Under this line are the records; repeat exactly the lines starting at the one containing "The museum decorative tiles stove" and ending at the one containing "Sac-pub - Trousse", omitting pictures.

Data Start Marker

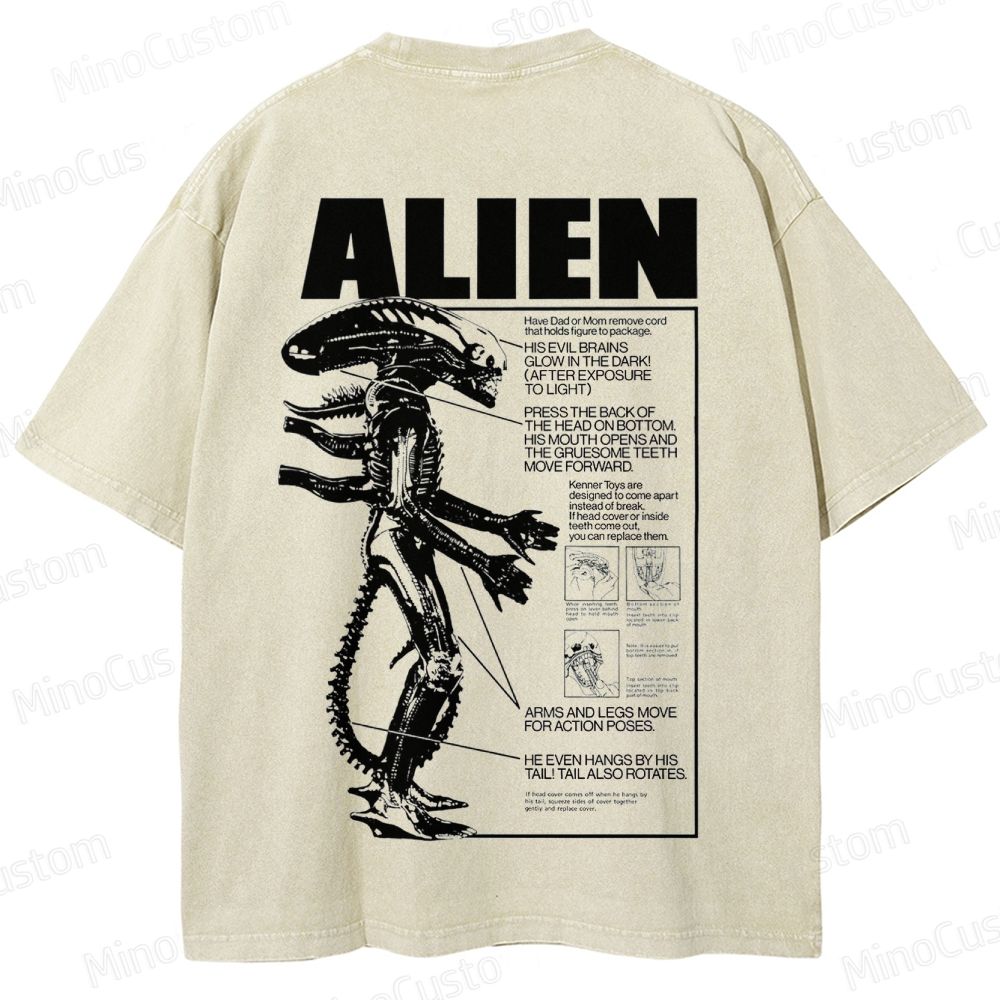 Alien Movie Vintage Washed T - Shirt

Data End Marker
Data Start Marker

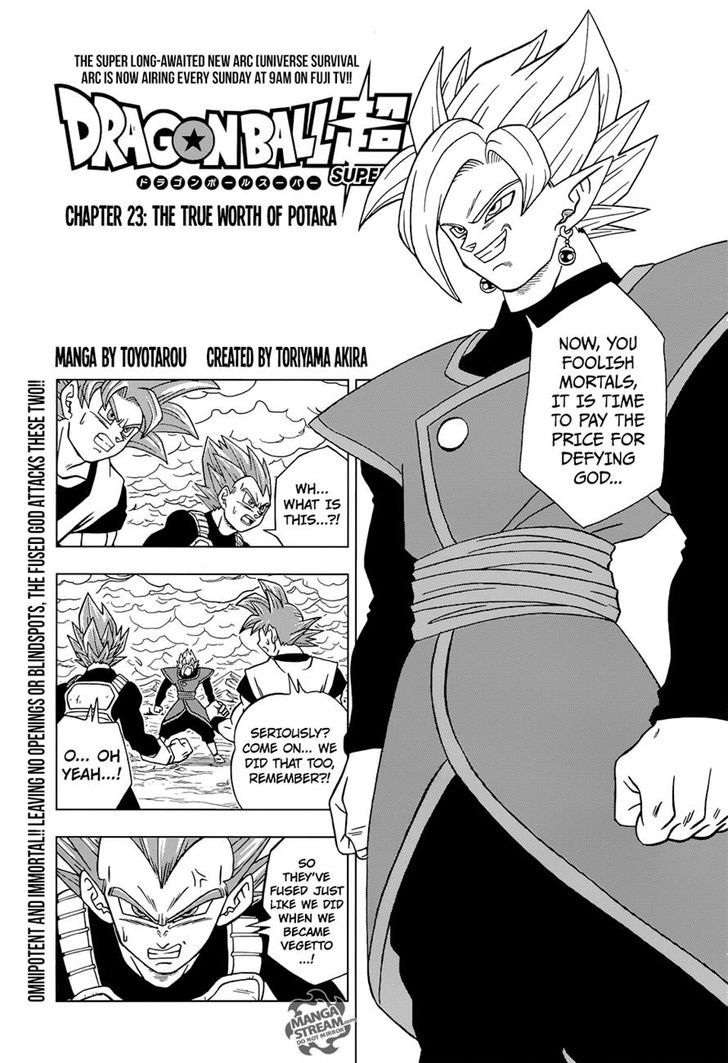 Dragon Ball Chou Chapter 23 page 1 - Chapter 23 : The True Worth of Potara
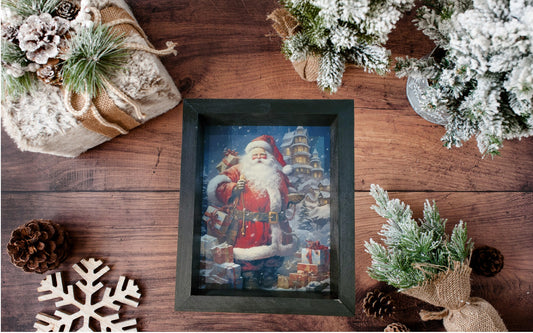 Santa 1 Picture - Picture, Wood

Data End Marker
Data Start Marker

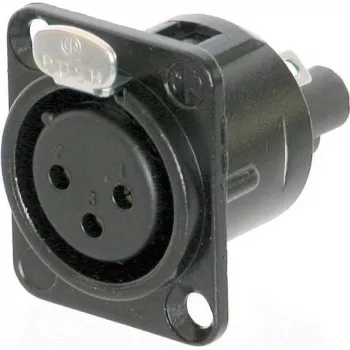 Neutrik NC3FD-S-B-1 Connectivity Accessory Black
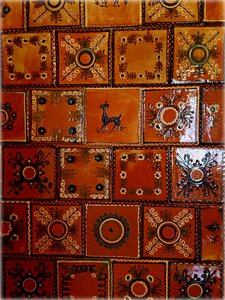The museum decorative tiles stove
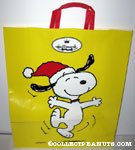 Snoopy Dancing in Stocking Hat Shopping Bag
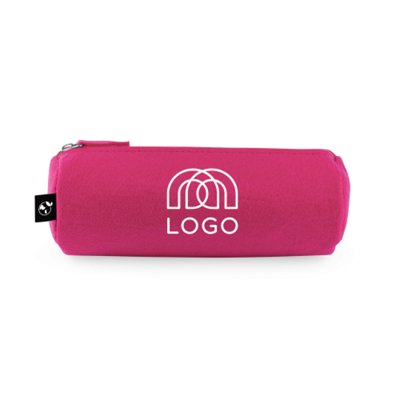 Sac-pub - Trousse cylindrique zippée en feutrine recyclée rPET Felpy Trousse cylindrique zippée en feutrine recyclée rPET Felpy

Data End Marker

Response ▸
The museum decorative tiles stove
 Snoopy Dancing in Stocking Hat Shopping Bag
 Sac-pub - Trousse cylindrique zippée en feutrine recyclée rPET Felpy Trousse cylindrique zippée en feutrine recyclée rPET Felpy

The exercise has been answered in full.